# Drying out play sand



## Heeb (Jul 31, 2010)

I'm have bought a bag of play sand for my beardie. How could I dry it out quickly?


----------



## onemanandhisfrog (Jul 20, 2009)

In an old tray in the oven m8 works a treat


----------



## Heeb (Jul 31, 2010)

That was just to obvious why didn't I think of that lol. Cheers dude.


----------



## onemanandhisfrog (Jul 20, 2009)

Nps m8! I'm like that sometimes lol


----------



## sambridge15 (Nov 22, 2009)

spread it out as thin as you can i used news paper under a radiator took about an hour


----------



## pinacalada (Jul 21, 2009)

I put it in the oven or put it in tubs/bags on top of my viv where its warm


----------



## herper147 (Feb 7, 2009)

i just stick it in the viv and then it takes a few inutes with the heat in there but i dont put the beardie in for a while


----------



## RACR (Aug 20, 2009)

This might sound daft but what oven temp and how long for?


----------



## Heeb (Jul 31, 2010)

RACR said:


> This might sound daft but what oven temp and how long for?
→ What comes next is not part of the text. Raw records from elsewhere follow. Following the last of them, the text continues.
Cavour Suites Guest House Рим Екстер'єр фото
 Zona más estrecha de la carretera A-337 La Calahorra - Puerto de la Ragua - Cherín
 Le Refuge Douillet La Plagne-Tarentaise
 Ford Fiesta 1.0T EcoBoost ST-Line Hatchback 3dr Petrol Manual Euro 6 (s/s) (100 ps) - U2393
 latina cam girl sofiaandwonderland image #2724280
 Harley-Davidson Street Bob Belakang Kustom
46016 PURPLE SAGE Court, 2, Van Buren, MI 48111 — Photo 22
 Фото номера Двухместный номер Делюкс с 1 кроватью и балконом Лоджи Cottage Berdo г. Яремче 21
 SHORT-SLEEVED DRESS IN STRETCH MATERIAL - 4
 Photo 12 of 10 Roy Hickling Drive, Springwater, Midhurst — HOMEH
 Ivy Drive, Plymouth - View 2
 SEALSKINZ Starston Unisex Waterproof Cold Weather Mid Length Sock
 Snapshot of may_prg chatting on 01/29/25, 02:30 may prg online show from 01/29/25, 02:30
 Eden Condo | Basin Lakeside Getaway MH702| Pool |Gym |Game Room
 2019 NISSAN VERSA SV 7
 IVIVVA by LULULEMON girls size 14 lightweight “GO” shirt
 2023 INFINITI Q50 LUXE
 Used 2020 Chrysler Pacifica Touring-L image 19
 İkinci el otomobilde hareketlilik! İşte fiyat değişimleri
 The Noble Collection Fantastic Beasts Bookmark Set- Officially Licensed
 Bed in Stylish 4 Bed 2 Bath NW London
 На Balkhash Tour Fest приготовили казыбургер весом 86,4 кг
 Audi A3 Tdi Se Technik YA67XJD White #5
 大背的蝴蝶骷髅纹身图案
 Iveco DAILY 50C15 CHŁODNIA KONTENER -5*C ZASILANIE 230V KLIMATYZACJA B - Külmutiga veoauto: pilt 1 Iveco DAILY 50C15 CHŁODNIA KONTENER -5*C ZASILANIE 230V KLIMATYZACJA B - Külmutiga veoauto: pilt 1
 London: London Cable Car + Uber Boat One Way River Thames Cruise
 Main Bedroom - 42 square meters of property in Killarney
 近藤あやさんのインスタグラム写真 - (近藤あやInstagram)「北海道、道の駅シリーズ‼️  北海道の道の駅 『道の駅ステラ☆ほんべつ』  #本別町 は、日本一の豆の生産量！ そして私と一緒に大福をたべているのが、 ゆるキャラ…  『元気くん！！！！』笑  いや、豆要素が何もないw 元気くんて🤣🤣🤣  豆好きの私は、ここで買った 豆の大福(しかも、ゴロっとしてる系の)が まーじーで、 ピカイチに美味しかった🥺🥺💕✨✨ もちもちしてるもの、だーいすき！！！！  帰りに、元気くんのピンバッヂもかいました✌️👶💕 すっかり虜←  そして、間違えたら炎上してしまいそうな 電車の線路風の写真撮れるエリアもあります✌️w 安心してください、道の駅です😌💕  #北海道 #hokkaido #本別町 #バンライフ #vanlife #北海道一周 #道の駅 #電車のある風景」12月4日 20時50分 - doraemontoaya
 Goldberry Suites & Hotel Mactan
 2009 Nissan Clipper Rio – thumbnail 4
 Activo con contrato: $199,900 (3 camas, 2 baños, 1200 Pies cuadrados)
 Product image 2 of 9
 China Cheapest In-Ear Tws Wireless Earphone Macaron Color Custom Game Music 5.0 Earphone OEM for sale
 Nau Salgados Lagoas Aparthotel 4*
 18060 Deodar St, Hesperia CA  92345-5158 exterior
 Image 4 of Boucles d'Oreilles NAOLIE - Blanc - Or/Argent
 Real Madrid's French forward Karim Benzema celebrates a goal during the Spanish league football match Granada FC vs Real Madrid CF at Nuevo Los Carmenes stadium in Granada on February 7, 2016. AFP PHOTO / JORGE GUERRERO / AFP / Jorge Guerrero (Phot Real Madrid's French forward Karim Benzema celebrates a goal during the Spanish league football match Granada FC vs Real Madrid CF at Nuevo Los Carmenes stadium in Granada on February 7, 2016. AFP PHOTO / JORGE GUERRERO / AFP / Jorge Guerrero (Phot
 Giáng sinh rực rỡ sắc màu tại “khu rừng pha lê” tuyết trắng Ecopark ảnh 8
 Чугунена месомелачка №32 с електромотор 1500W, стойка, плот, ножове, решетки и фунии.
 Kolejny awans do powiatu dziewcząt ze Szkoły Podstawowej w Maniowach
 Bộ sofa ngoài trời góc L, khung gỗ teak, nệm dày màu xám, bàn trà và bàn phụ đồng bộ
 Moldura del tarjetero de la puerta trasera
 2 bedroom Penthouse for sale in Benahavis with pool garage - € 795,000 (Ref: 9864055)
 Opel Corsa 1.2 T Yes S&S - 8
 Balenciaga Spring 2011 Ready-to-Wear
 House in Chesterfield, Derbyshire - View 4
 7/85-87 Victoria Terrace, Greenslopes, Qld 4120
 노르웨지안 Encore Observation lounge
I whacked I on full and cooked until dry.


----------



## marcusjelly (Aug 25, 2010)

if its normal sand i would not bother, has nasties in it
sharp sand or kiln dried is already ovened for you .
full230c heat needed


----------



## marcusjelly (Aug 25, 2010)

*sand*

if its normal sand i would not bother, has nasties in it
sharp sand or kiln dried is already ovened for you .
full230c heat needed


----------



## RACR (Aug 20, 2009)

Thanks..


----------